• GIVEN RECORDS
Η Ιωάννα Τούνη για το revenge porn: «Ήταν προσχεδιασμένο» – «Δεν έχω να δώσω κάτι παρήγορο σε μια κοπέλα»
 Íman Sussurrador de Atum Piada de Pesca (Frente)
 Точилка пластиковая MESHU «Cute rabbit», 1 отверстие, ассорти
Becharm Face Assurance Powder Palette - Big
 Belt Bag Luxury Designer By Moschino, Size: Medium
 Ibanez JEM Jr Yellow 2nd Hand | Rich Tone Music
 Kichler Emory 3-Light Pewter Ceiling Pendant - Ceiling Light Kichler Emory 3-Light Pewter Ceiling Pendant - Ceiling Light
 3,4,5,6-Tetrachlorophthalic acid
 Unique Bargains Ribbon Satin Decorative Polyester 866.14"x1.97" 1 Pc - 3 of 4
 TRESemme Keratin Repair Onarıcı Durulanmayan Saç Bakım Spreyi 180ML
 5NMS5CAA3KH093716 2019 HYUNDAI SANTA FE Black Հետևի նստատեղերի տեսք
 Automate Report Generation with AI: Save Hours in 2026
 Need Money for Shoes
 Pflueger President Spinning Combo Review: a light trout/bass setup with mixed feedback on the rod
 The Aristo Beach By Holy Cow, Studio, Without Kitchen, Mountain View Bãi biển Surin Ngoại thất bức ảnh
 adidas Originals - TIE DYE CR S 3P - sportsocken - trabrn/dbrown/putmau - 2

• YOUR OBJECTIVE
The records above need to be duplicated. Keep every word unchanged.

• ANSWER TO THIS PROBLEM
Η Ιωάννα Τούνη για το revenge porn: «Ήταν προσχεδιασμένο» – «Δεν έχω να δώσω κάτι παρήγορο σε μια κοπέλα»
 Íman Sussurrador de Atum Piada de Pesca (Frente)
 Точилка пластиковая MESHU «Cute rabbit», 1 отверстие, ассорти
Becharm Face Assurance Powder Palette - Big
 Belt Bag Luxury Designer By Moschino, Size: Medium
 Ibanez JEM Jr Yellow 2nd Hand | Rich Tone Music
 Kichler Emory 3-Light Pewter Ceiling Pendant - Ceiling Light Kichler Emory 3-Light Pewter Ceiling Pendant - Ceiling Light
 3,4,5,6-Tetrachlorophthalic acid
 Unique Bargains Ribbon Satin Decorative Polyester 866.14"x1.97" 1 Pc - 3 of 4
 TRESemme Keratin Repair Onarıcı Durulanmayan Saç Bakım Spreyi 180ML
 5NMS5CAA3KH093716 2019 HYUNDAI SANTA FE Black Հետևի նստատեղերի տեսք
 Automate Report Generation with AI: Save Hours in 2026
 Need Money for Shoes
 Pflueger President Spinning Combo Review: a light trout/bass setup with mixed feedback on the rod
 The Aristo Beach By Holy Cow, Studio, Without Kitchen, Mountain View Bãi biển Surin Ngoại thất bức ảnh
 adidas Originals - TIE DYE CR S 3P - sportsocken - trabrn/dbrown/putmau - 2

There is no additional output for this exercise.